A byproduct of the cryptocurrency boom in 2021 was an increase in hiring for crypto-related jobs, according to data from LinkedIn.

The boom resulted in a 73% jump in hiring compared to two years ago. Compare that to traditional finance jobs, which actually posted a decline of 1% within the same two-year timeframe.

“For the finance industry, crypto’s appeal to younger professionals means fintech’s threat to the talent pipeline for big banks and asset managers will only continue to grow,” LinkedIn’s Devin Banerjee tells Fortune.

Wall Street saw a similar boom in the early 2000s of hiring quantitative talent just before the financial crisis in 2008. Now it appears the crypto industry is drawing from that same talent pool.

“The days when finance saw tech as a strategic asset ended with the ‘algo boom’ of the late 2000s, and since then, finance has seen tech mainly as a cost center, however huge, that must be cut down whenever possible,” says Stuart Popejoy, CEO of Kadena. “Crypto, on the other hand, is just starting to have the kind of flow to show up on finance’s radar, and the tech is still new enough that it is both strategic to the company to hire top talent, and attractive to developers as a challenge and learning opportunity.”

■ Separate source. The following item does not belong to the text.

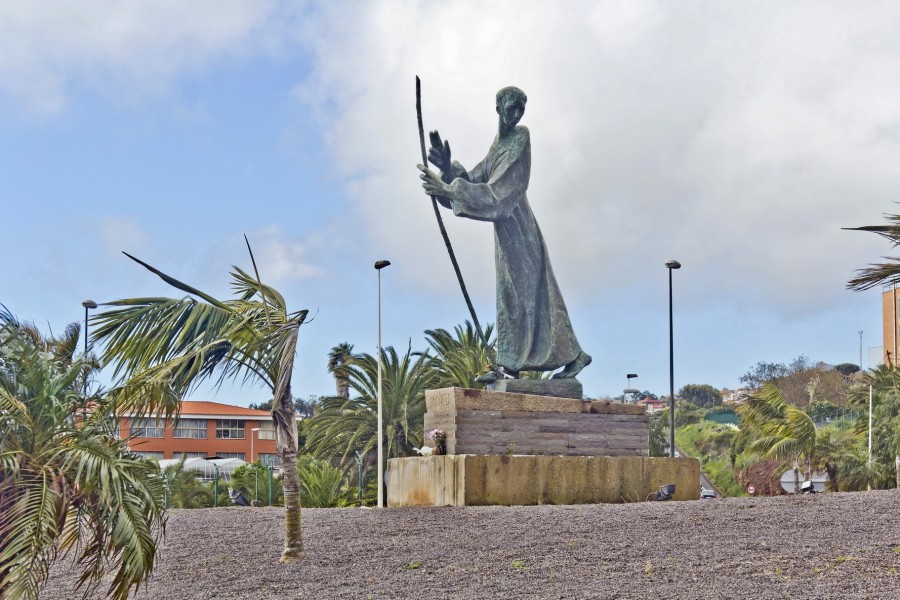 Koppchen [<a href="https://creativecommons.org/licenses/by/3.0"  target="_blank">CC BY 3.0</a>], <a href="https://commons.wikimedia.org/wiki/File:Escultura_Padre_Anchieta_01.jpg"  target="_blank">via Wikimedia Commons</a>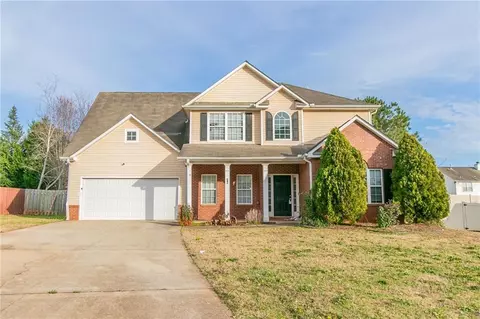 141 Vinings Dr, Mcdonough, GA 30253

Where’s the Talent Headed?

In terms of locational concentration, the majority of talent is flowing into tech-centric hubs like San Francisco and New York. However, other cities like Austin and Miami are seeing a rise in hiring as well.

“Both cities have been sucking in a tremendous amount of talent  with much of this talent leaving cities like San Francisco and, to a lesser extent, New York City and Los Angeles,” says Colin Zarzour, Head of Operations at Koii. “I do believe digital hubs are of shocking relevance, sometimes as much as cities  I manage a team split between the east coast of Canada, Chicago, Pakistan, Poland, and China, to list a few.”

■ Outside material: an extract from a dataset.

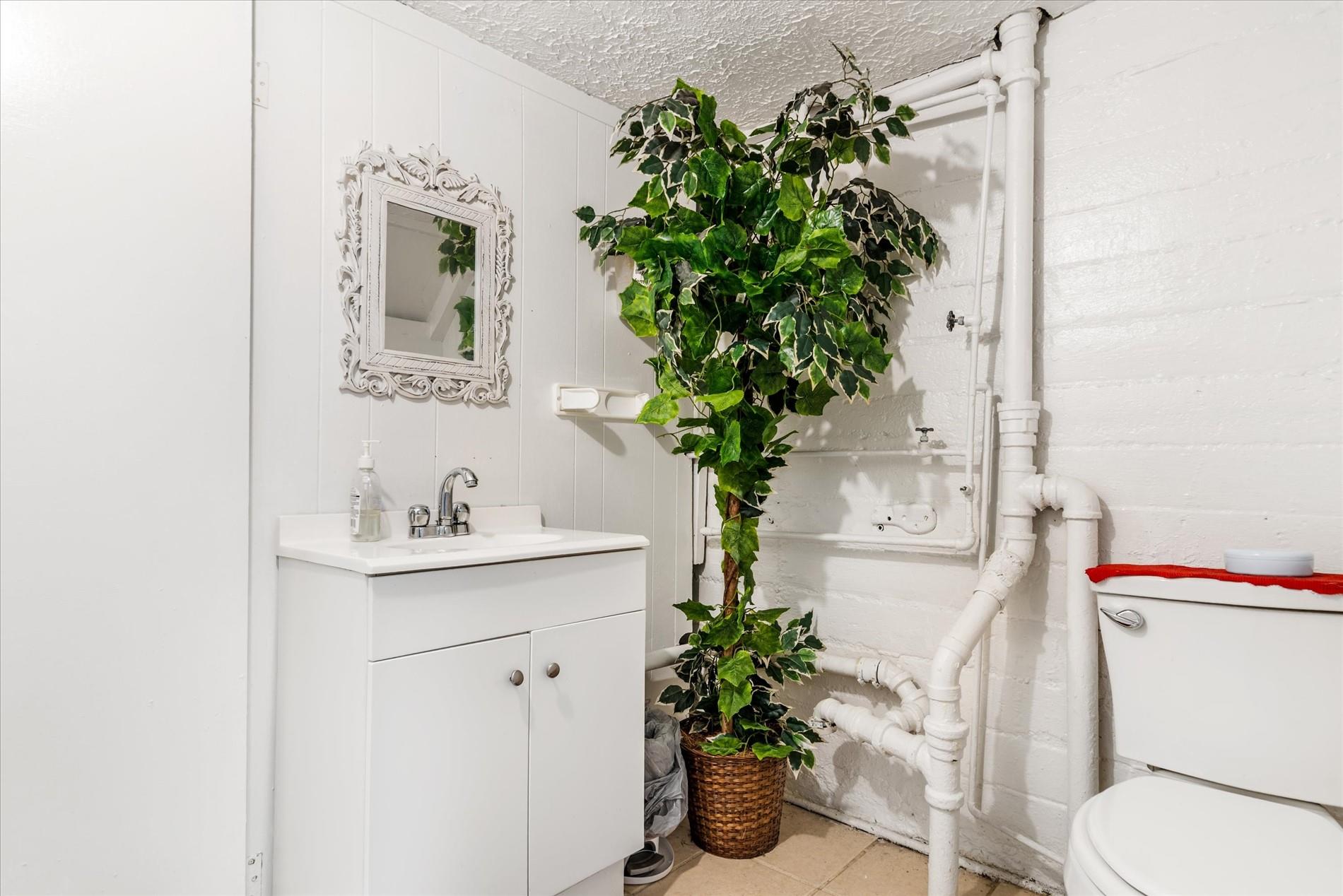 #16 photo, 119-07 Sutphin Boulevard, クイーンズ区 Jamaica , NY 11434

“It’s fascinating that, specifically in crypto, sometimes what Discord you’ve joined or which Twitter Space you’ve been speaking in can shape your network as much as geographical hubs,” Zarzour adds. “That’s why I think even ‘non-hub’ cities should consider investing in quality public support for innovation and entrepreneurship, as you can’t be sure where the next unicorn will be developed in crypto.”